Pareto optimality has recently become the holy grail of contemporary businesses as companies rush to search for the 20% of their customers who contribute to 80% of their online sales. However, following the Pareto principal, the social gaming may be one of the most lucrative industries today, as the 90% of revenue comes from only 3% of gamers.
Today, the online space is filled with forecasts on where social gaming is going. A lot of proponents of social media state that social games have a lot of marketing potential and in the near future will be filled with advertising dollars. However, currently the revenue model of big social game creators such as Zynga, is based on virtual good sales. According to AdWeek, only 3% of the gamers of the most popular Facebook game Farmville are purchasing the virtual merchandise for the their farms, but these sales represent the lion’s share of social gaming revenues (somewhere between $340- $664 million).

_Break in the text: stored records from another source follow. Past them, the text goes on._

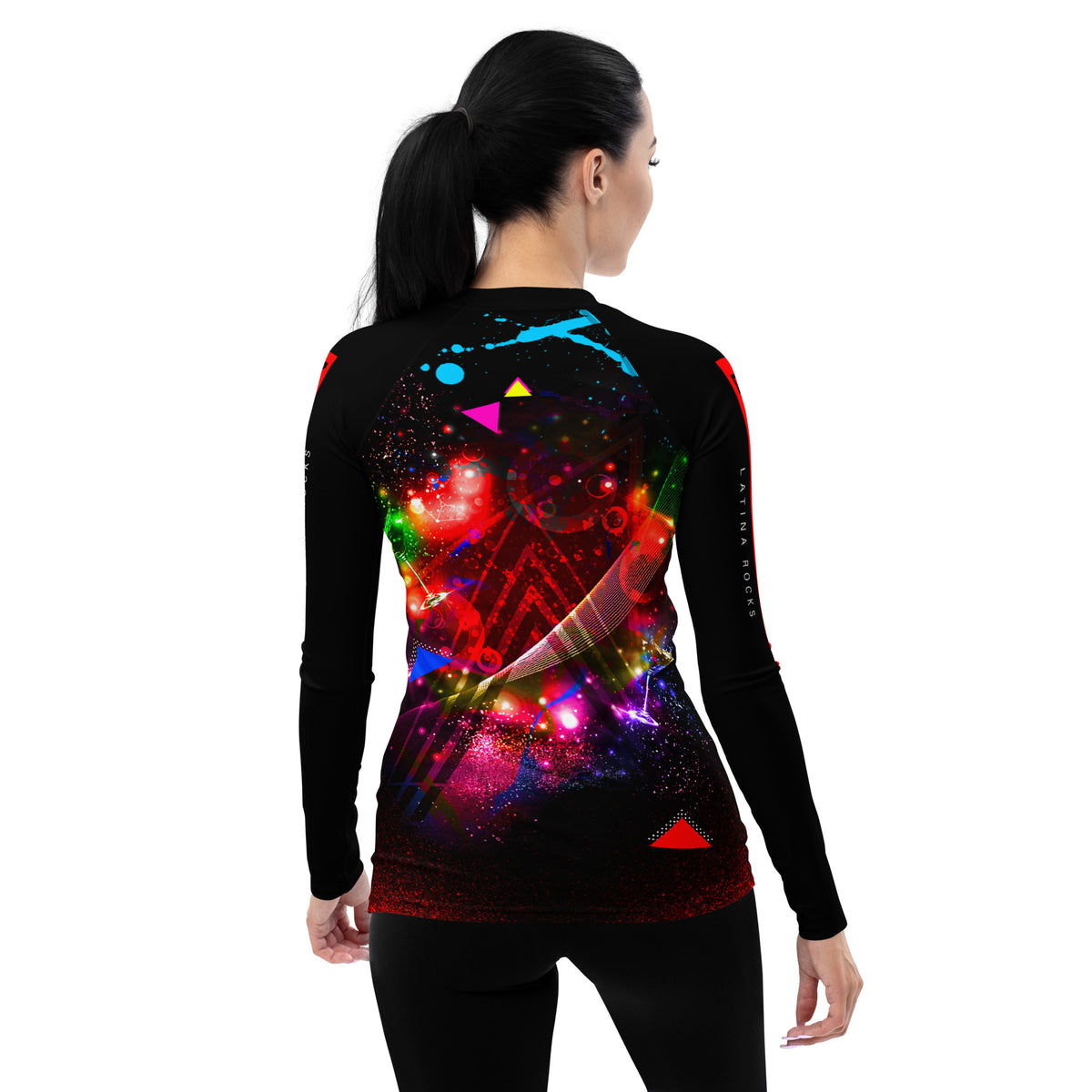 Latina Fashion- Latina Rocks Dreams Long Sleeve Women's Shirt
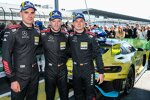 Luca Stolz, Maro Engel und Fabian Schiller (GetSpeed-Mercedes) 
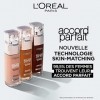 LOréal Paris - Fond de Teint Fluide - Hydratation 24H - Formule à lAcide Hyaluronique - Tous les Types de Peaux - Teinte : 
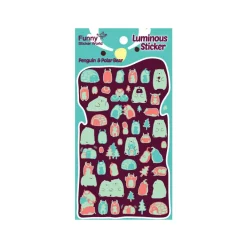 Glow in the Dark Deco Sticker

Not only Facebook and Zynga enjoy the profits of virtual farming. The Russian equivalent game ‘Happy Farmer’(on leading Russian social network Vkontakte.ru) has reported that it has acquired 6 million users and is garnering revenues at $200 million dollars per month. Chinese are also extremely hands on in the agricultural development of Internet: Chinese hit ‘Happy Farm” now reaches 27m daily active users in China and is close to matching FarmVille’s 29m daily active users on Facebook. But Chinese versions are more competitive than their Western counterparts: they allow users to steal and add worms and weeds to friends’ farms.
While there are almost no changes in the globe’s real agricultural supply, the online agricultural spectrum seems to be at the height of its growth. Despite the fact that social media gurus speculate on the marketing potential of social games, the revenue numbers show that virtual farming is quite profitable on its own, thanks to big contributions from minority of virtual farmers.